Individuals less likely to evaluate peers negatively if facing evaluation themselves

New research from ESMT Berlin finds that individuals strategically select the colleagues they evaluate, and the evaluation they give, based on how they want to be perceived. The research was published in the journal Organization Science .

Linus Dahlander, professor of strategy and Lufthansa Group Chair of Innovation at ESMT Berlin, alongside colleagues from Purdue University and INSEAD, investigated the impact of peer evaluations on the behaviors of Wikipedia members, for which peer evaluations are transparent.

Peers can see the complete evaluation history of a member, including how and whom they have evaluated in the past, and these peer evaluations are used to determine which members become administrators.

The researchers focused on three key factors: whether the member was about to be evaluated themselves, how pivotal an evaluation was, and the candidate's activity level.

Their research revealed that members who are about to be evaluated themselves participate in more peer evaluations.
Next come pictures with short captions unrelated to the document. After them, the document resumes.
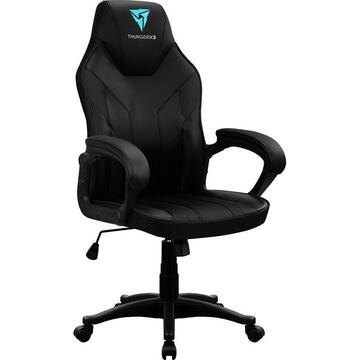 Scaun Gaming Aerocool Gaming Chair THUNDER3X EC1 AIR BLACK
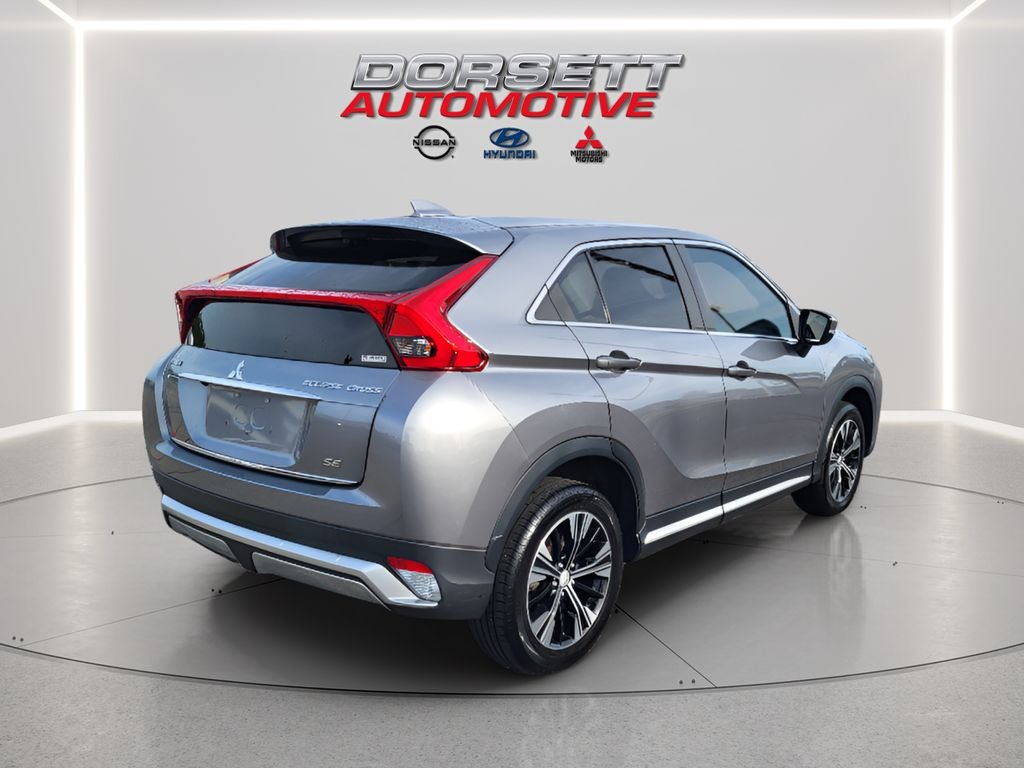 2018 Mitsubishi Eclipse Cross SE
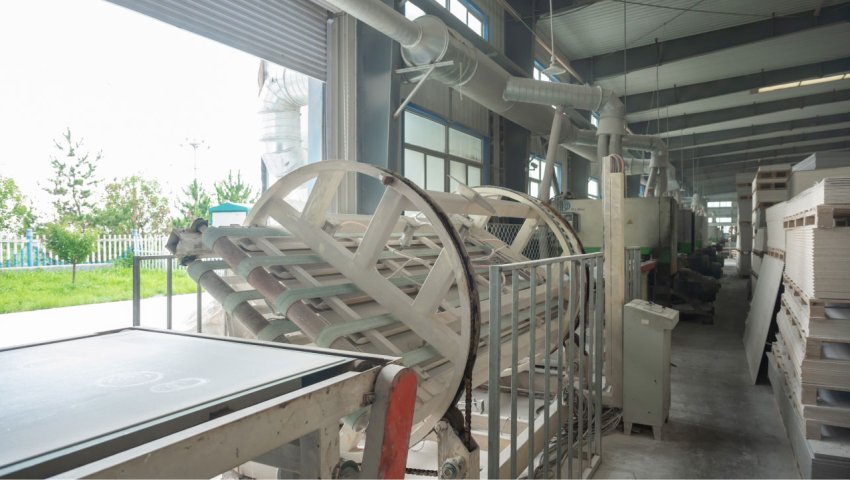 factory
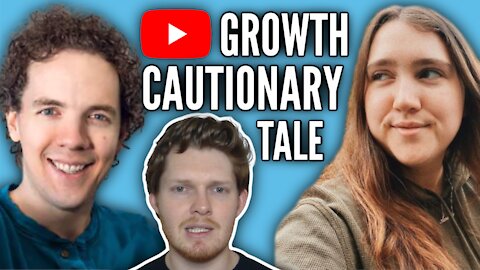 Channel Makers vs. Annie Dubé (YouTube Shorts Advice Splits Growth Channels)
However, members are less likely to participate in evaluations if their evaluation may offend someone or be pivotal in impacting a peer's overall assessment, focusing their negative evaluations on inactive members. Negative evaluations are also targeted toward those that are unlikely to swing the evaluation outcome in either direction, in which the overall outcome is already obvious.
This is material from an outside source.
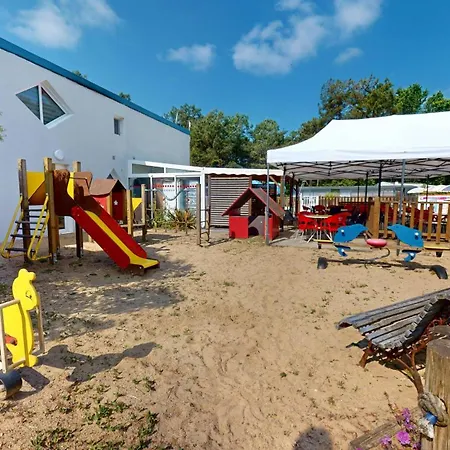 Casa de Férias Le Bois Perdu Avec Piscines Saint-Jean-de-Monts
The research also found no evidence that members focus on giving positive evaluations to active peers, suggesting they avoid negative reciprocity but do not attempt to invoke positive reciprocity. Further analysis suggests that this strategic use of peer evaluations is effective, with members more likely to be evaluated positively and to get promoted by their peers.

"Our research shows people tend to participate in peer evaluations if they believe it will benefit them rather than if their evaluation would be helpful. This means they refrain from participating in evaluations where the outcome is uncertain to avoid retaliation. Incidentally, the organization is likely to miss important evaluations when they could be most valuable," says Prof. Dahlander.
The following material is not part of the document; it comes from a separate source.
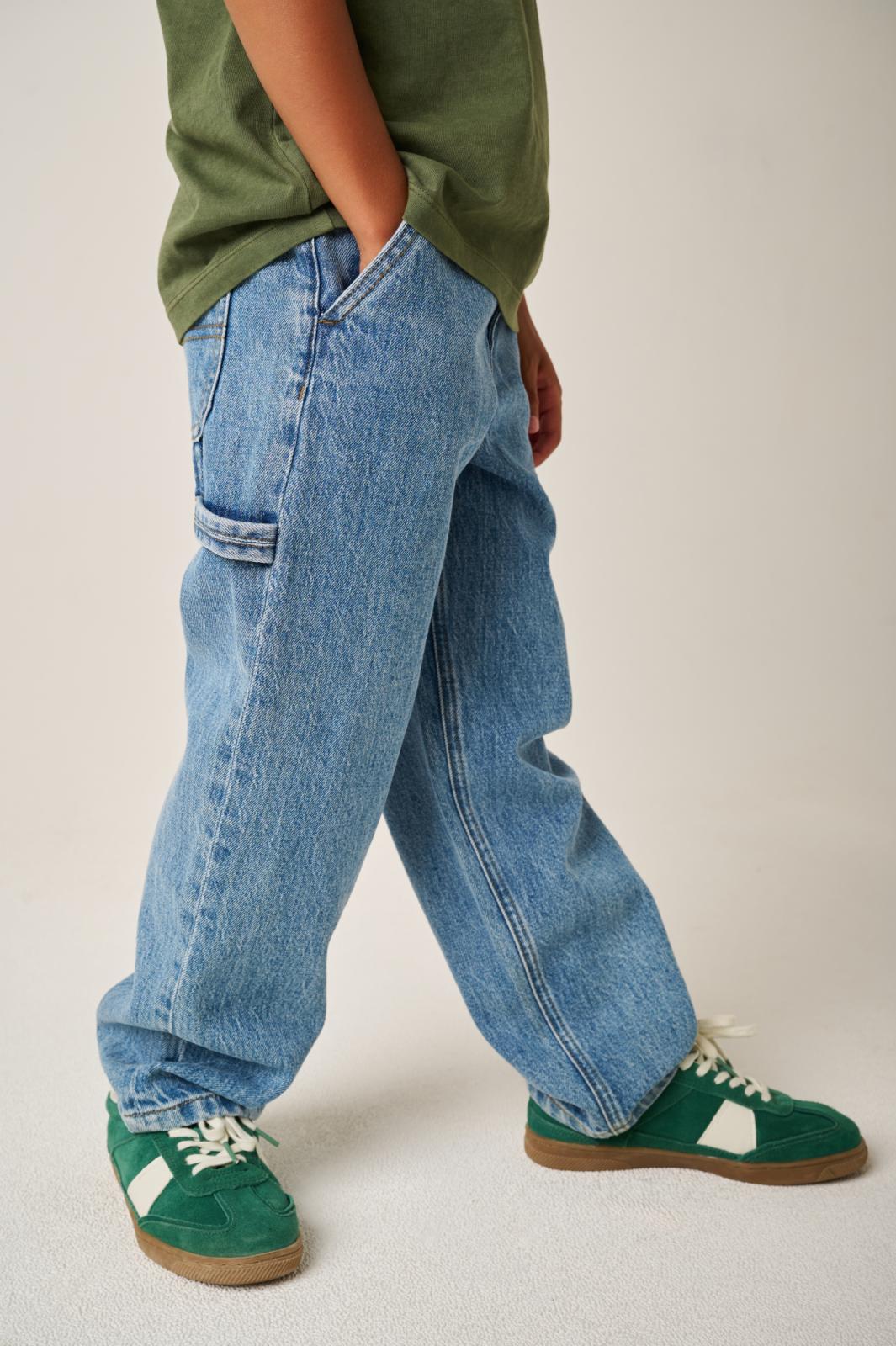 Jaiden Carpenter Jeans -Tumble 'n Dry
The findings demonstrate that, although transparency and self-selection make evaluations more accountable, it allows members to use their evaluations to portray themselves strategically ahead of their own evaluation.

To reduce the opportunity for strategic manipulation, organizations should implement transparent peer evaluation processes with clear guidelines. While transparency can enhance accountability, managers should be aware that employees might use this transparency to their advantage strategically.

Organizations can hold members accountable and foster a culture of genuine merit-based assessments by ensuring evaluations are open and traceable. This approach can enhance trust in the evaluation system and improve organizational fairness and effectiveness.

Managers should also encourage employees to provide balanced evaluations that reflect both positive and negative aspects of performance, irrespective of personal stakes. Training programs on effective feedback delivery and the importance of objective evaluations can help mitigate the strategic biases identified in this study.

Journal information: Organization Science

Provided by European School of Management and Technology (ESMT)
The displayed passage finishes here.